• EXERCISE INSTRUCTIONS: The lines to repeat are those below from the one containing "Glory Sea Explorer Upper Deck Double Bed 2" down to the one containing "Used 2026 Chevrolet", both included; reproduce them exactly and nothing else.

• RECORDS FOR THE TASK:

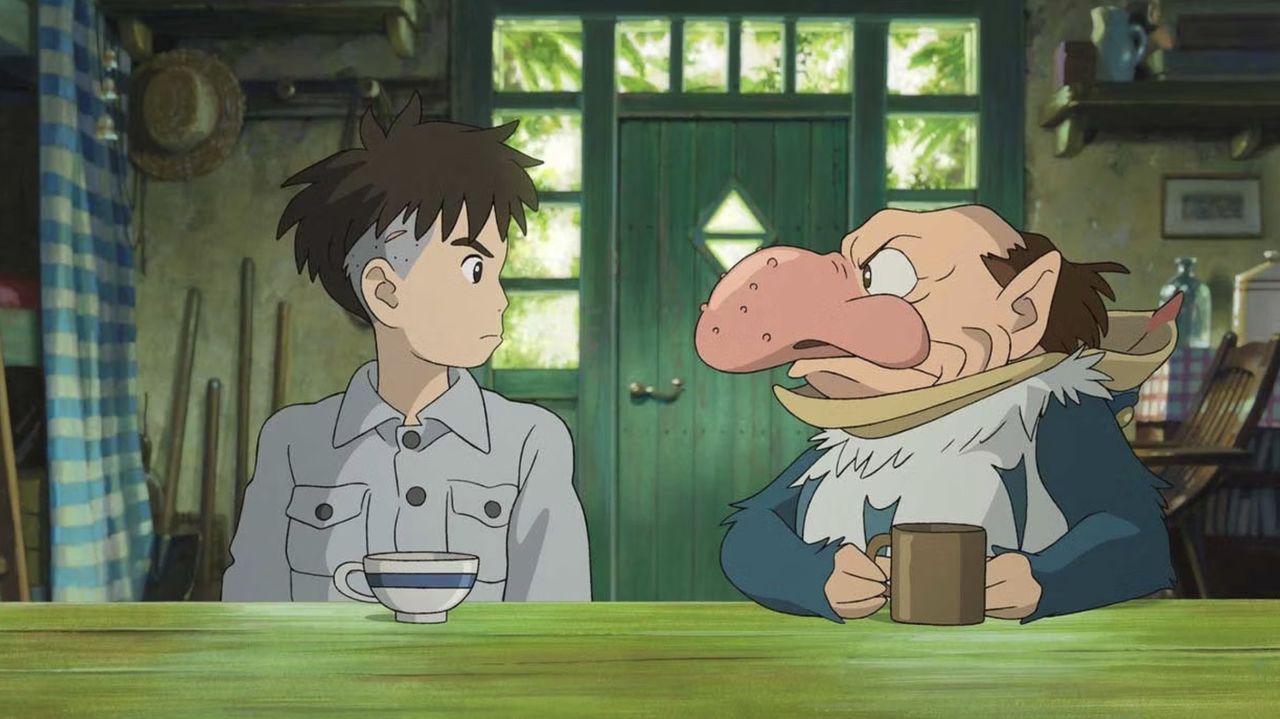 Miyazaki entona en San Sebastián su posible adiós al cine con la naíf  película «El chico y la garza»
==
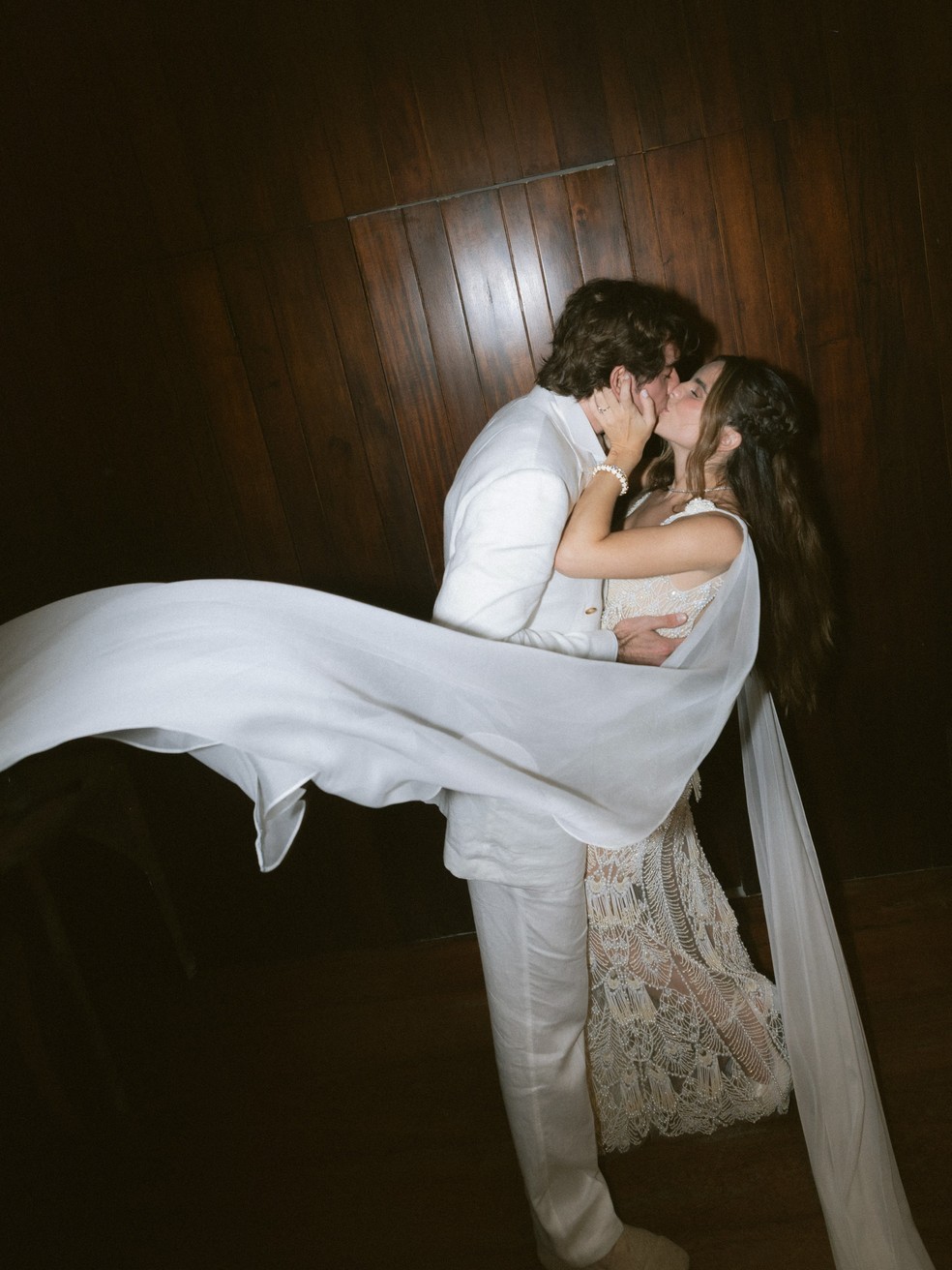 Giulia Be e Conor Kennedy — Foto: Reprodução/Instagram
--
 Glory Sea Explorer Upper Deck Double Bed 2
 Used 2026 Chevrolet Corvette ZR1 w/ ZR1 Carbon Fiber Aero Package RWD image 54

• YOUR SOLUTION:
 Glory Sea Explorer Upper Deck Double Bed 2
 Used 2026 Chevrolet Corvette ZR1 w/ ZR1 Carbon Fiber Aero Package RWD image 54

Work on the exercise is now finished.